Sunday, July 29, 2012

Tutoring Experiences



"Let us not resent those tuturing experiences which can develop our own empathy further."

-Neal A. Maxwell

Sunday, July 22, 2012

Changing the Inner Man


"Morality, then, seems to be concerned with three things. First, with fair play and harmony between individuals. Secondly, with what might be called tidying up or harmonising the things inside each individual. Thirdly, with the general purpose of human life as a whole: what man was made for: what course the whole fleet ought to be on: what tune the conductor of the band wants it to play.

"You may have noticed that modern people are nearly always thinking about the first thing and forgetting the other two . . .

"What is the good of telling the ships how to steer so as to avoid collisions if, in fact, they are such crazy old tubs that they cannot be steered at all? What is the good of drawing up, on paper, rules for social behavior, if we know that, in fact, our greed, cowardice, ill temper, and self-conceit are going to prevent us from keeping them? I do not mean for a moment that we ought not to think, and think hard, about improvements in our social and economic system. What I do mean is that all that thinking will be mere moonshine unless we realise that nothing but the courage and unselfishness of individuals is ever going to make any system work properly. It is easy enough to remove the particular kinds of graft or bullying that go on under the present system: but as long as men are twisters or bullies they will find some new way of carrying on the old game under the new system. You cannot make men good by law: and without good men, you cannot have a good society."

-C.S Lewis, in Mere Christianity

Sunday, July 15, 2012

Patience in Growth


When we plant a rose seed in the earth, we notice it is small, but we do not criticize it as "rootless and stemless." We treat it as a seed, giving it the water and nourishment required of a seed.

When it first shoots up out of the earth, we don't condemn it as immature and underdeveloped; we do not criticize the buds for not being open when they appear. We stand in wonder at the process taking place, and give the plant the care it needs at each stage of its development.

The rose is a rose from the time it is a seed to the time it dies. Within it, at all times, it contains its whole potential. It seems to be constantly in the process of change: Yet at each state, at each moment, it is perfectly all right as it is.

A flower is not better when it blooms than when it is merely a bud; at each stage it is the same thing . . . a flower in the process of expressing its potential.

-Timothy Gallway

Likewise, each of us is a god in embryo. We do not need to lament the fact that we have not bloomed yet to reach our full potential--rather, we need to recognize what it is that we were born to become and "stand in wonder at the process taking place."

Monday, July 2, 2012

The Blessings of Confinement


I love this quote from The Count of Monte Cristo, when the younger prisoner (Edmond Dantes) asks the older prisoner (a priest) a very thought-provoking question:

"I was reflecting, in the first place," replied Dantes, "upon the enormous degree of intelligence and ability you must have employed to reach the high perfection to which you have attained;--if you thus surpass all mankind while but a prisoner, what would you not have accomplished free?"

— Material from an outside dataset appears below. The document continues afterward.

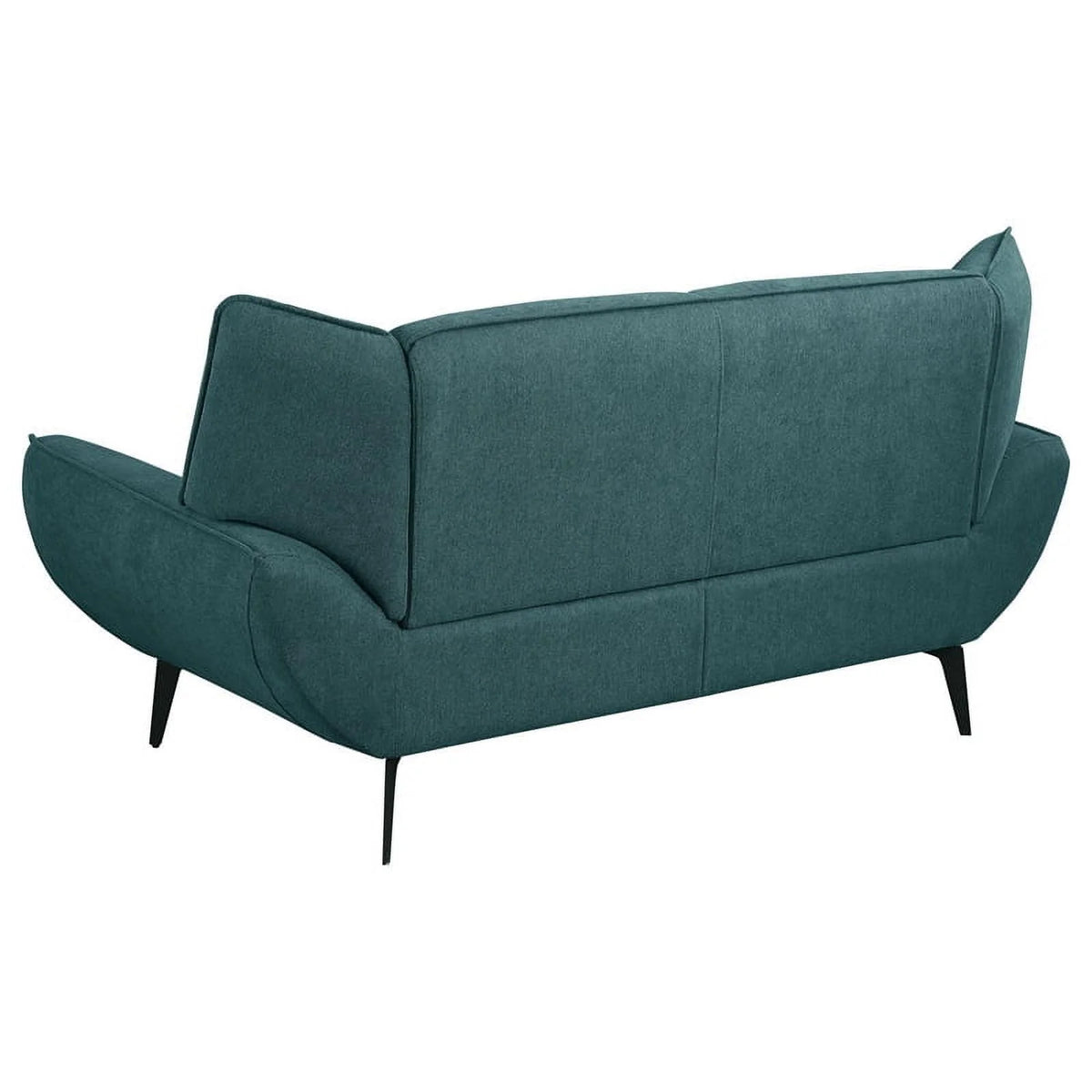 Teal Fabric Upholstered Wing Back Loveseat Z7846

"Possibly nothing at all;--the overflow of my brain would probably, in a state of freedom, have evaporated in a thousand follies; it needs trouble and difficulty and danger to hollow out various mysterious and hidden mines of human intelligence. Pressure is required, you know, to ignite powder: captivity has collected into one single focus all the floating faculties of my mind; they have come into close contact in the narrow space in which they have been wedged, and you are well aware that from the collision of clouds electricity is produced--from electricity comes the lightning, from whose flash we have light amid our greatest darkness."